【読書】森見登美彦『シャーロック・ホームズの凱旋』中央公論新社

 森見登美彦シャーロック・ホームズの凱旋』中央公論新社を読了。
 なんとも奇妙な小説である。なにしろ、あのシャーロック・ホームズが登場する小説でありながら、舞台はいつもの森見登美彦作品同様、京都なのだから。ロンドンに住むホームズが京都へやってきたというわけではない。ここで描かれる京都は、ホームズが、ワトソンが、レストレード警部が、モリアーティ教授が、ハドソン夫人が暮らす架空の京都なのである。ホームズの事務所は寺町通221Bにあり、京都警視庁には「スコットランドヤード」とフリガナがふられ、ガス灯が照らす石畳を辻馬車が行き交い、テムズ川ならぬ鴨川が流れ、その畔には時計塔(ビッグベン)が聳えているという京都なのだ。
 その京都で暮らすホームズはスランプに陥っていて、まるで事件を解決することができないでいた。ホームズの事務所には、同じくスランプに陥ったモリアーティ教授とレストレード警部が居着いて、日がな一日スランプの謎に挑むといっては、ダラダラとした時間を過ごしているのである。
 ホームズが事件を解決しないことには、ホームズ譚の新作を書くことのできないワトソンは、なんとかホームズを復活させようとするのだが……。
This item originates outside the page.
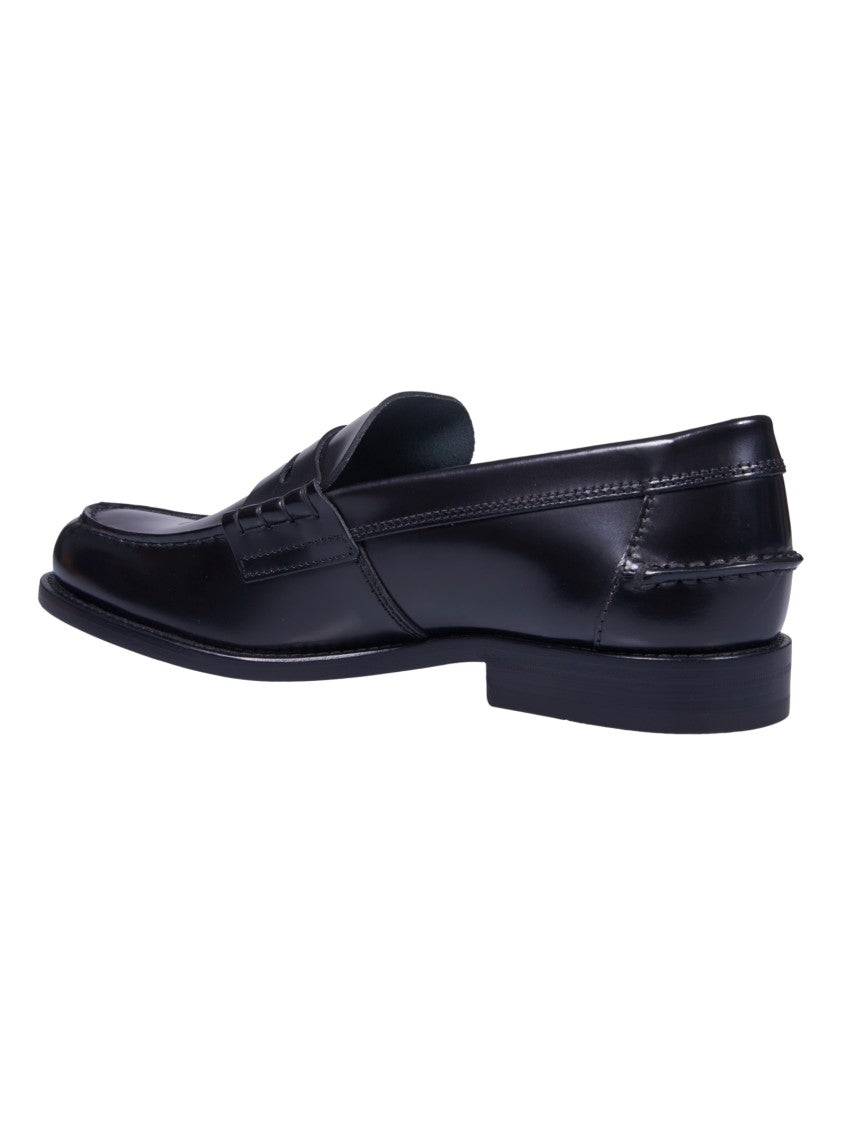 Tod's 26C Classic Black Loafers
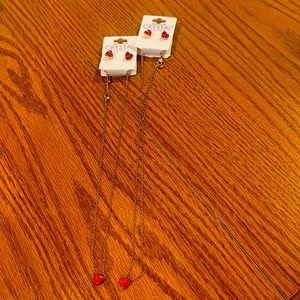 2 Crystal Avenue Necklace and Earring Sets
 そこから物語はどんどんとんでもない方向へと転がっていく。その奇妙さはさすがは森見登美彦なのだけれど、いつもの森見登美彦とはまったくことなり、実に端正な文章によって物語が紡がれていく。森見登美彦のいつもの文体ではなく、コナン・ドイルによるシャーロック・ホームズの文体によって描かれていくのだ。そのため、読んでいる間は森見登美彦の小説を読んでいるということを忘れ、コナン・ドイルによるシャーロック・ホームズの新作を読んでいる気分になってしまう。
 まさに怪作というべき作品なのだけれど、怪作と呼ぶにはあまりにも気品ある仕上がりに脱帽させられる。